- Problem: Please repeat the lines below exactly. Begin with the line containing "Victory Blue - 4" and go on through the line containing "Jayson Tatum shirt".

[Stored data entries]
★ ★ ★ ★ ★ ★ ★

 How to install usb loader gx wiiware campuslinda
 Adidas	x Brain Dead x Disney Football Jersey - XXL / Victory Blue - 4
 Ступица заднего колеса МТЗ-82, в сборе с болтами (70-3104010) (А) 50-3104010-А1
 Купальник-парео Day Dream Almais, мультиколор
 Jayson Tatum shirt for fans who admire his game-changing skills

★ ★ ★ ★ ★ ★ ★

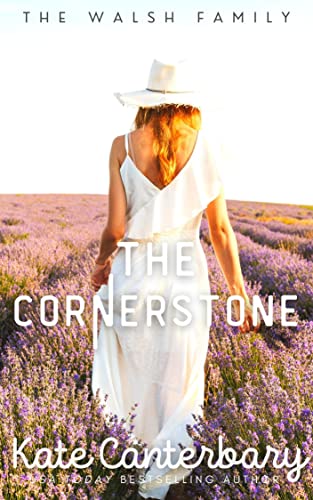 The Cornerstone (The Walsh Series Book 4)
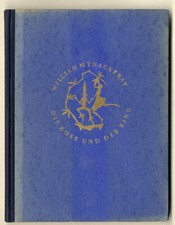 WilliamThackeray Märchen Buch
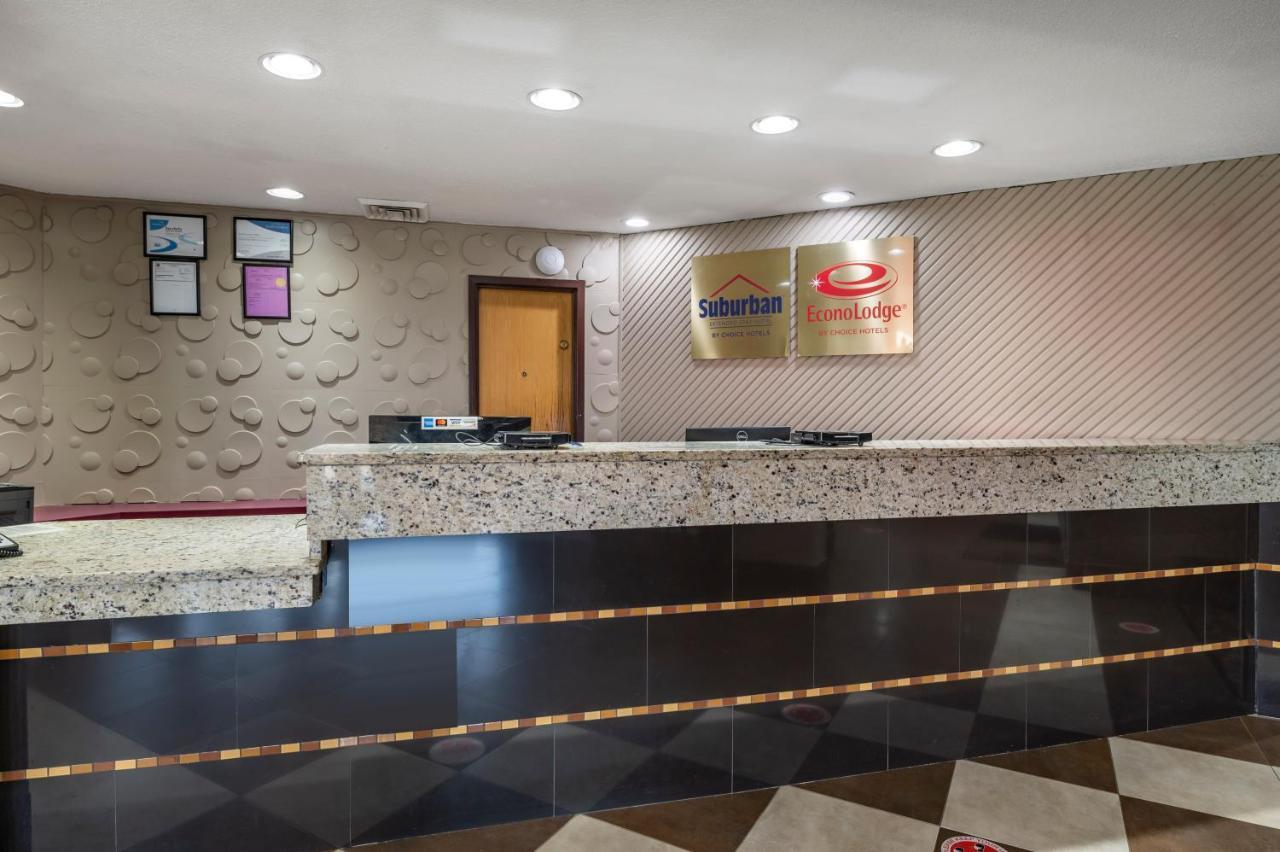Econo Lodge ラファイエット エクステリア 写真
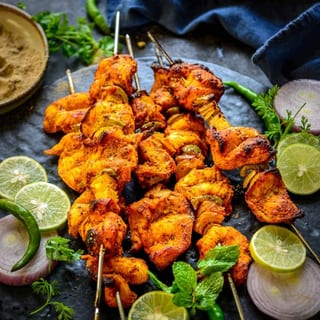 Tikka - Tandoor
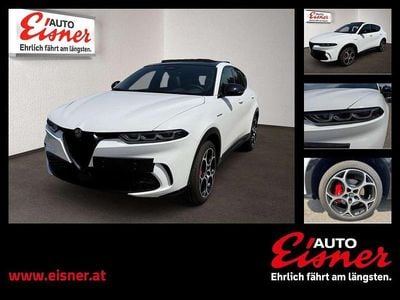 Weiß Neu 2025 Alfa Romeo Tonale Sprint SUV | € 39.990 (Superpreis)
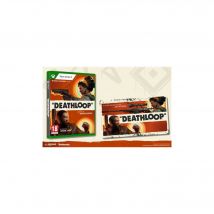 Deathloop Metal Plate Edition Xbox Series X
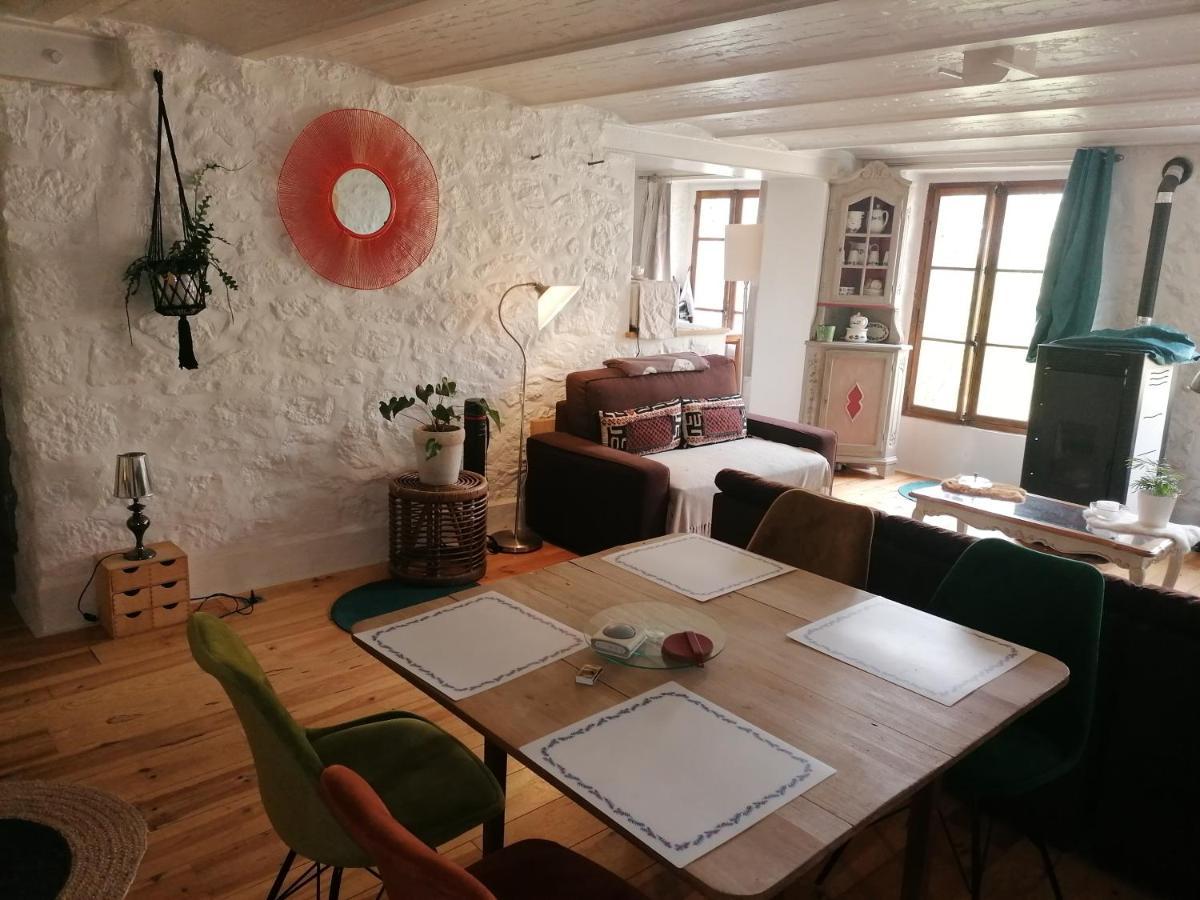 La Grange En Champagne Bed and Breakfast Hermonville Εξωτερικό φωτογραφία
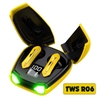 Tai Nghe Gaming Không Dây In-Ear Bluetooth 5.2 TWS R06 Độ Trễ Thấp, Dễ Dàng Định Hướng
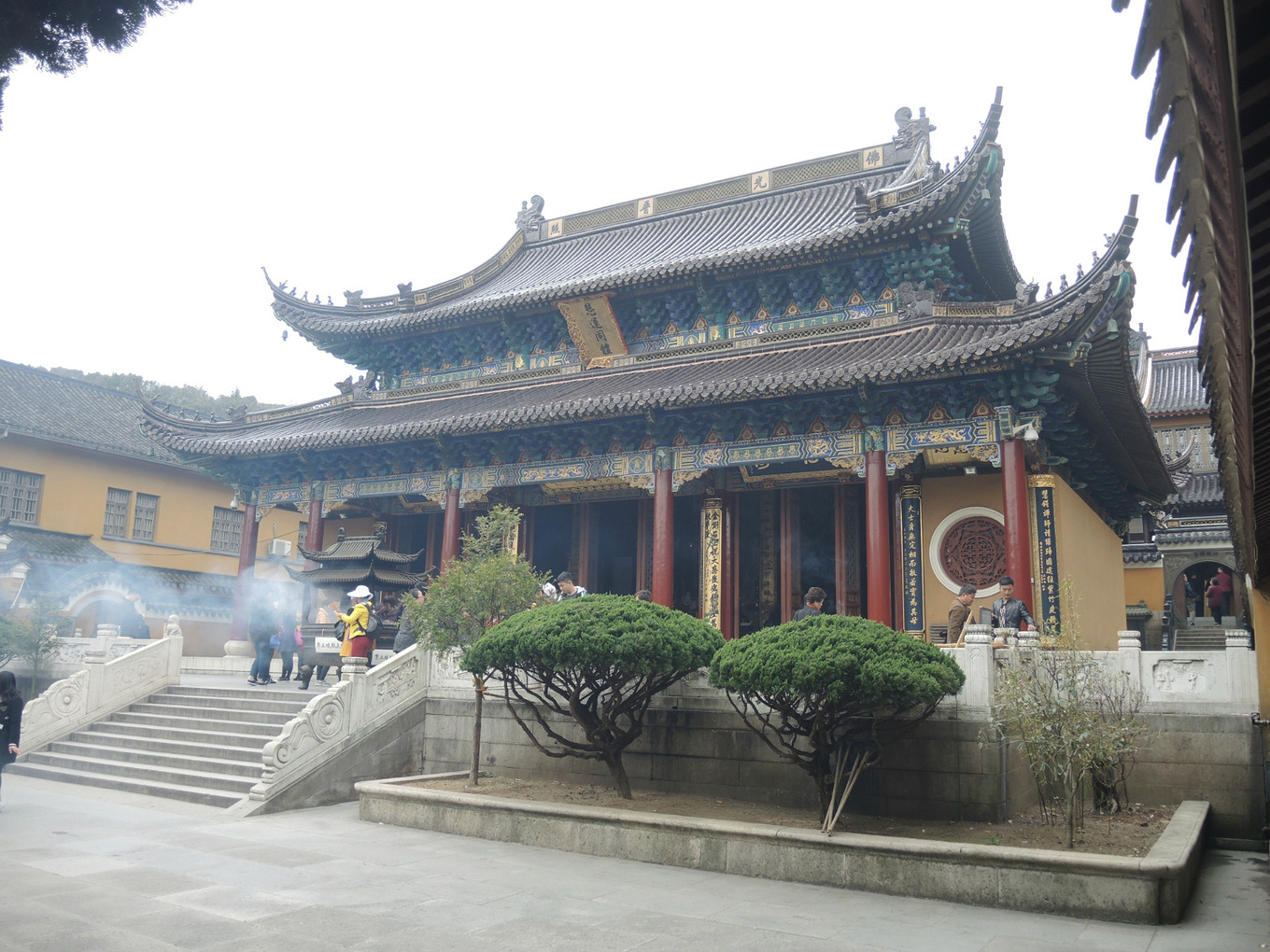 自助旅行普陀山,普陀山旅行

★ ★ ★ ★ ★ ★ ★

- Output:
 Adidas	x Brain Dead x Disney Football Jersey - XXL / Victory Blue - 4
 Ступица заднего колеса МТЗ-82, в сборе с болтами (70-3104010) (А) 50-3104010-А1
 Купальник-парео Day Dream Almais, мультиколор
 Jayson Tatum shirt for fans who admire his game-changing skills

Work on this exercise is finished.